2,547 posts, read 4,230,758 times
Reputation: 5612
Quote:
Originally Posted by Irish Eyes View Post
I don't think it sounds like you don't enjoy being a stay at home Mom. It sounds like you want your husband to WANT to be around his own child. I would be disappointed beyond words if I had to deal with what you are dealing with in terms of his attitude. And I think it's important for each parent to be alone with their children more than for just giving the other parent a break. It strengthens the parent child relationship and puts both adults on equal ground with them.

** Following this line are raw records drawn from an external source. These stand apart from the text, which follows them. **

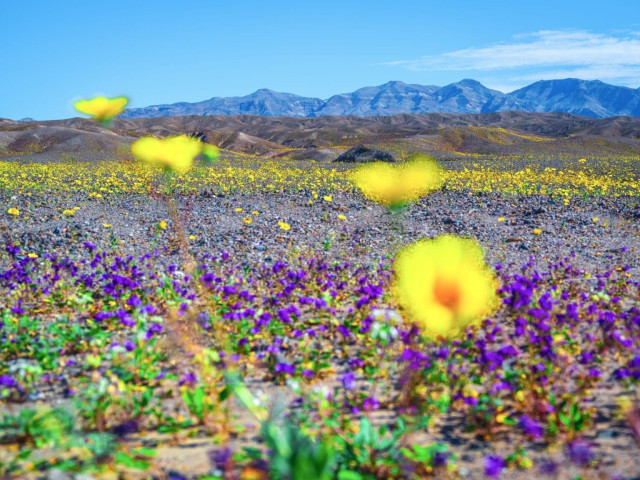 A wildflower superbloom in Death Valley National Park, California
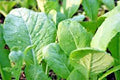 Tendergreen Mustard Seeds - 600+ Organic Seeds for Spring/Fall Garden - Easy Container Greens - Brassica juncea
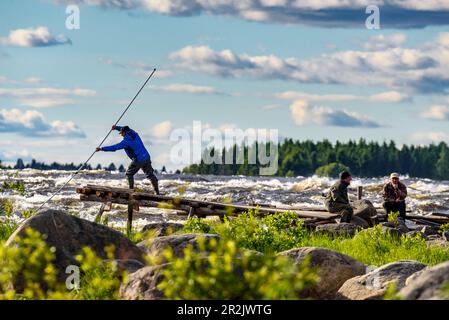 Traditionelle lokale Fischerei mit langen Netzen. Stromschnellen von Kukkolankoski am Torne ELV, Tornio, Finnland Stockfoto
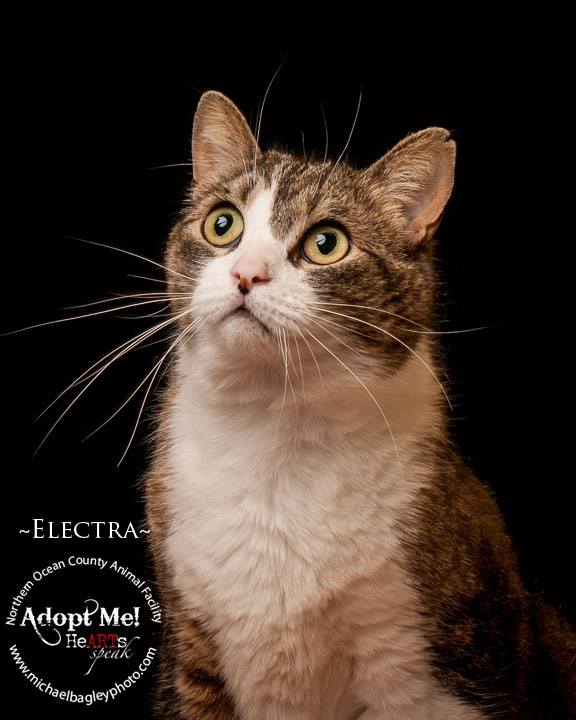 Electra, an adopted Domestic Short Hair in Jackson, NJ_image-1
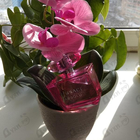 Парфюм Versace Bright Crystal Absolu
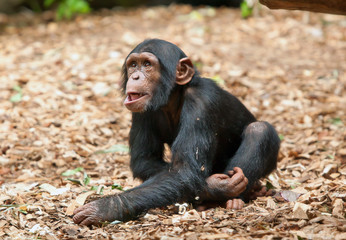 small chimpanzee in the zoo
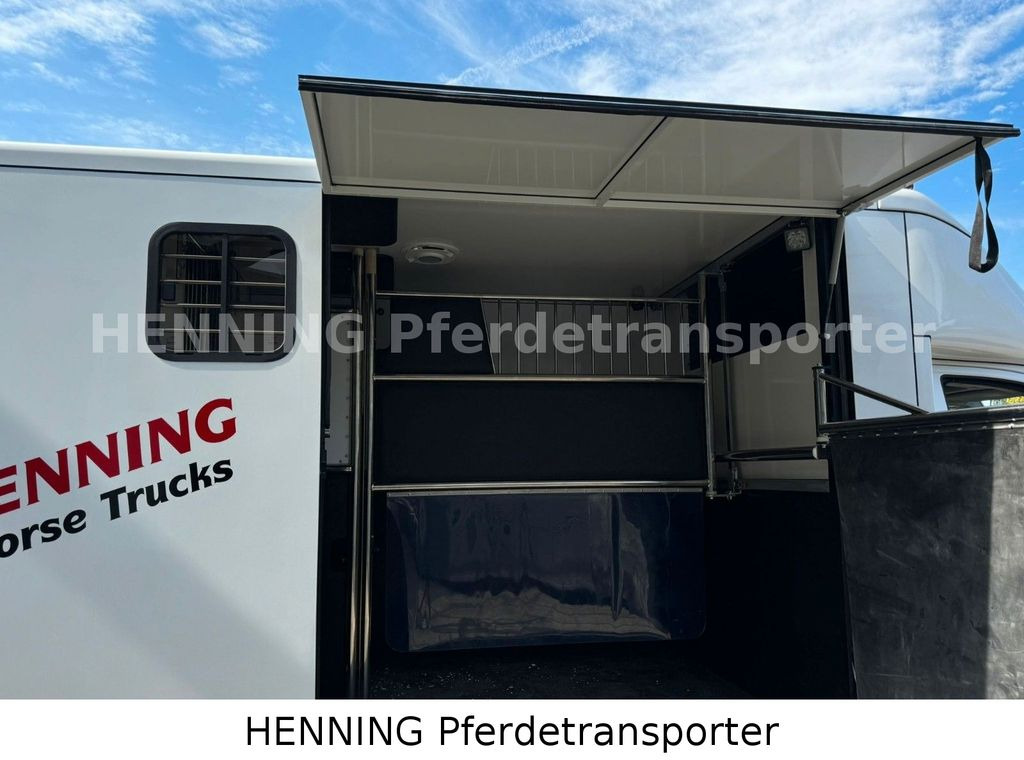 Volkswagen Crafter 3 - Sitzer *AUFBAU NEU* - Horse truck, Commercial vehicle: picture 5 Volkswagen Crafter 3 - Sitzer *AUFBAU NEU* - Horse truck, Commercial vehicle: picture 5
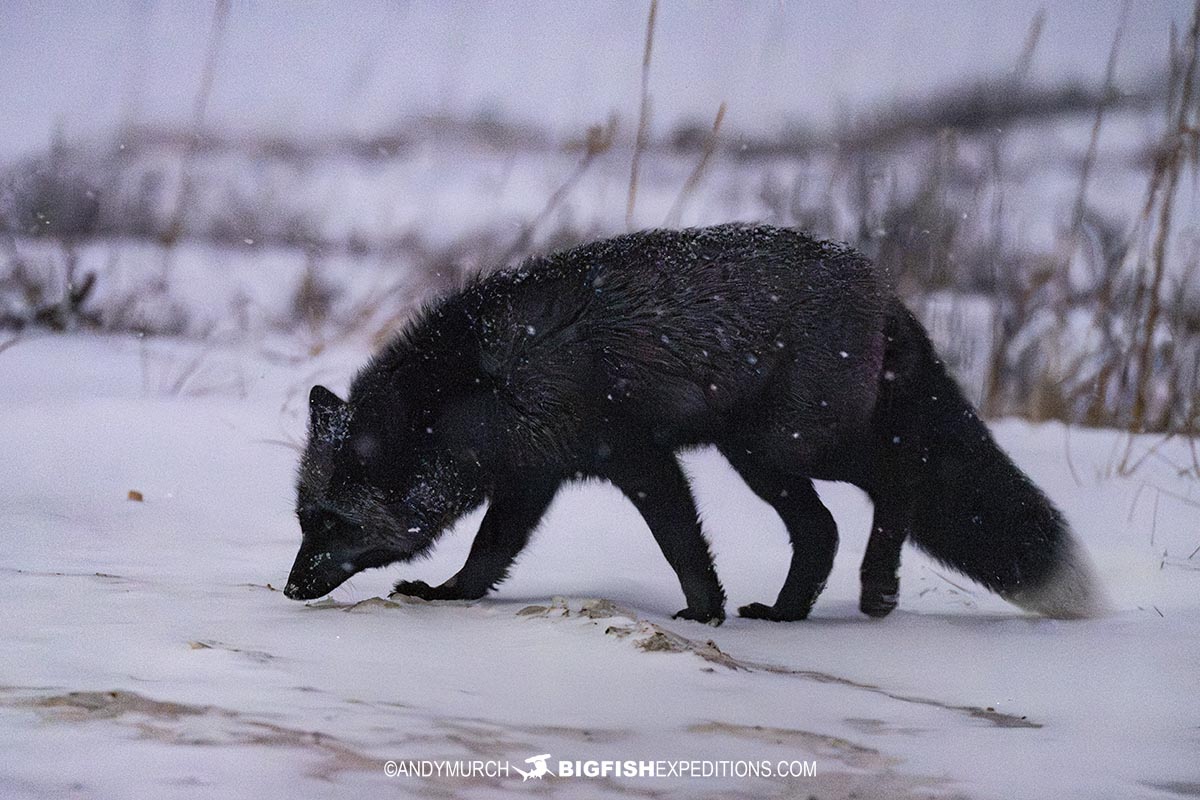 Silver fox on the Canadian tundra near Churchill.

The thing is, I know he does want to be a good father, and he does obviously love DS and is a great father when he tries, especially as DS has gotten older. He does enjoy playing with him when he does...it's just he doesn't do it nearly often enough or for long enough on his own accord...he wants to do all these things with him in theory, but in practice when it requires shutting off the game and getting up and actually moving around, he often gets lazy and procrastinates and makes excuses for why he can't do it. I get it, I do, because I'll be lying if I don't feel way too lazy for the playground myself more often than not...but I know DS needs to run around, so I drag ourselves out anyways, because I understand that having a child means you don't get to do only what you want all the time. And because DH already has so much less time to spend with him than I do, when he then makes one excuse after another and I let him get away with it, it means he barely does anything with him at all, and I do everything - which is bad for DS too because he needs the male roughousing and interaction, more than 15 minutes a week...He doesn't seem to understand that the great father-son relationship he wants isn't gonna happen magically, without any effort on his behalf.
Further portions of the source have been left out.